Photoshop and Photojournalism

The following are samples of news photos that was Photoshopped.

This photo was submitted to show the burning buildings in Beirut from the bombings by the Israeli air raid in 2006.

The smoke was clearly Photoshopped by duplication. You can clearly see the billows of smoke are identical and has a repeating pattern. This was done to make the image more dramatic than it was. The smoke was also darkened to make it look more intense.

Here is the real photo.

As you can see, the fake photo looks more dramatic as the smoke is darker and there is more smoke to make the fires look worst than it was.

The fake photo was actually published by Reuters. Fortunately, when the photo came out, a lot of Internet users saw through the deceit and called Reuters about it.

Another fake photo is this.

This photo was released by the media arm of Iran's Revolutionary Guard. They were trying to show the world Iran's provocative missile test.

Fortunately again, keen eyes were able to catch the digital manipulation. The Photoshopping done here isn't as noticeable as the smoke. But here's the real photo.


See the smoke was added and an extra missile was added.

If these photos were supposed to be art. I have no problem with it being Photoshopped. But since these were news and supposed to represent the truth, then I don't agree on it being Photoshop.

Even a bad news photo that is blurry and with bad composition will still be better as long as it is the truth. Look at the photo here by Robert Capa on the D-Day Landing at Omaha Beach.

You can see the composition is bad, the exposure is bad and the picture is out of focus. But so what? He was under fire by the Germans at the beach and was hiding behind one of the steel crosses at the beach and he still managed to take a photo that represented the story about the war.

What about this famous photo by Ronald N. Timberlake?

Blurry and dark, but tells the story of the violence of war.

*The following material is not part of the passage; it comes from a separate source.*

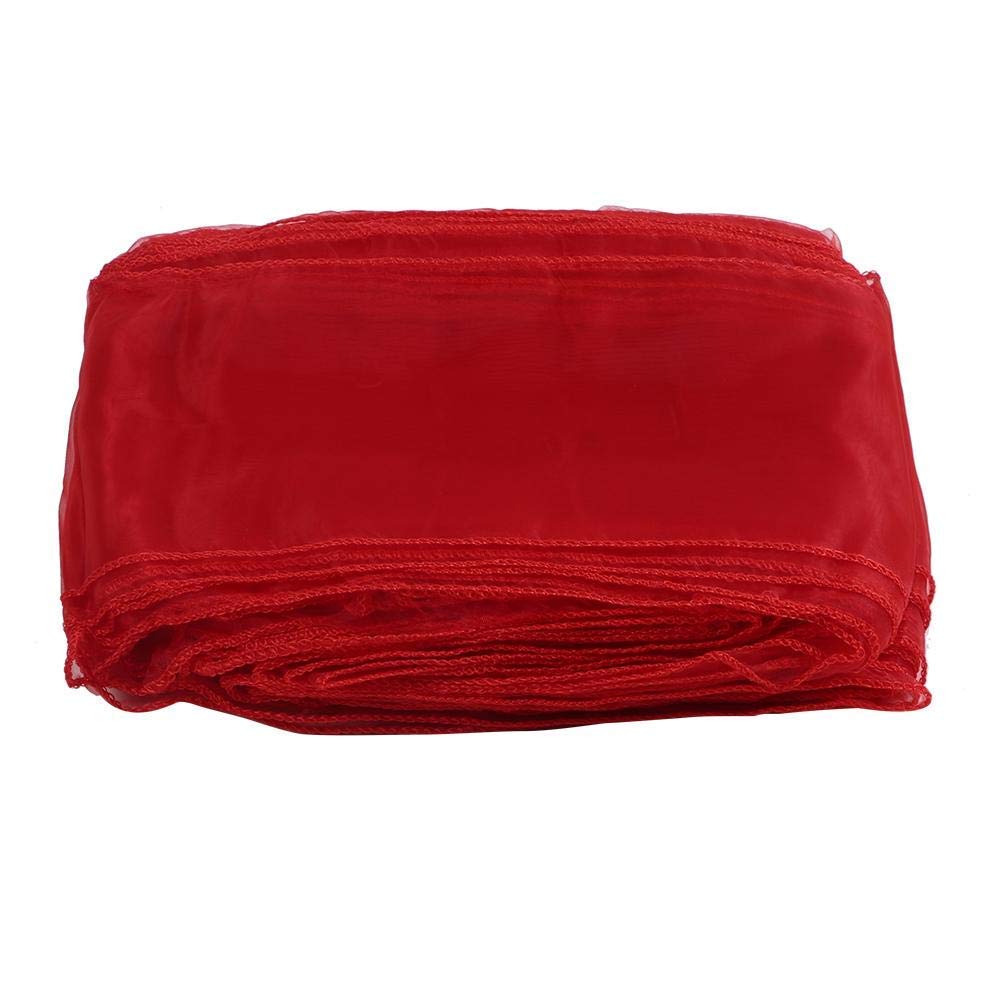 25Pcs Red Organza Chair Sashes for Wedding Decorations - Elegant Chair Bows & Ties for Banquets, Parties & Events - Perfect for Bridal Showers, Receptions & Venue Decor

In summary, if the Photo is supposed to be art, Photoshop is ok. If it's news, Photoshop is not ok.

Comments

  1. The last photograph was taken during the Vietnam war when the village where these kids lives was 'napalmed'. The photographer who took this photo (if I remember it right)in 1972 is Nick Ut (not Ronald N. Timberlake) and the girl in the photo, Phan Thi Kim Phuc, then a nine-year-old kid, had removed her burning clothes and run naked to escape her burning village. She is now fully grown up and living in Havana, Cuba where she and the photographer had a reunion years back.